I feel that it might require some additional losses to make it converge. Like in the SDF experiment in the paper, I tried disabling some losses and it doesn't look good anymore.

qsobad commented 3 years ago

it's very similar to posenc xyz -> 8sirennet -> 1linear + relu -> sigma xyz -> 8sirennet -> 1linear -> 1*sirennet -> 1linear + sigmoid -> rgb the score is not much higher though.

what do you mean by disabling some losses.

sally-chen commented 3 years ago

@kwea123 How do you know if the lego dataset is axis aligned?

kwea123 commented 3 years ago

@qsobad Disabling some losses make it worse, so I think maybe the reason it doesn't work for NeRF is that the reconstruction l2 loss is not enough to make it learn, we need some other losses. @sally-chen look at the image to see if the lego car is parallel to the axis or not, this is very subjective and not applicable to real scene.

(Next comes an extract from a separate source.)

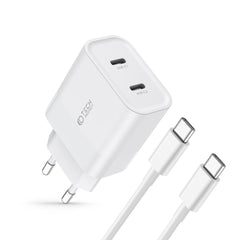 NETZLADEGERÄT FÜR HANDY UND TABLET TECH-PROTECT C20W 2-PORT NETZLADEGERÄT PD20W + TYPE-C KABEL WEISS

sally-chen commented 3 years ago

@kwea123 Thanks for answering! And just wondering, if there are many frequencies included in positional encoding why is it still only limited to axis aligned scenes? (ie, don't different frequencies represent different axes? Where is the limitation from? )

kwea123 commented 3 years ago

PE has only features like sin(ax), so the effect of x,y,z is independent. In order to capture non axis aligned features, one would need features like sin(ax+by+cz) which mix x,y,z together.

qsobad commented 3 years ago

PE has only features like sin(ax), so the effect of x,y,z is independent. In order to capture non axis aligned features, one would need features like sin(ax+by+cz) which mix x,y,z together.

that would be like another direction (sth like [a,b,c]) of fourier feature?

sally-chen commented 3 years ago

I see, did not not think from this perspective at all! This is representing random vectors in frequency space vs. on axis vectors. Thanks a lot!

krikru commented 3 years ago

@qsobad Yes, exactly; it would have the direction (a, b, c).

krikru commented 3 years ago

@qsobad How did you initialize the weights for the SIREN layers? According to the paper, they propose to draw the weights from the distribution u(-sqrt(6/n), sqrt(6/n)) (where n is the number of neurons in the previous layer), and for the first layer, they use a modified activation function where they multiply Wx by 30 in the argument to the sin function.

krikru commented 3 years ago

If you use the i_embed -1 option to skip input encoding, in what range will the inputs to the network lie?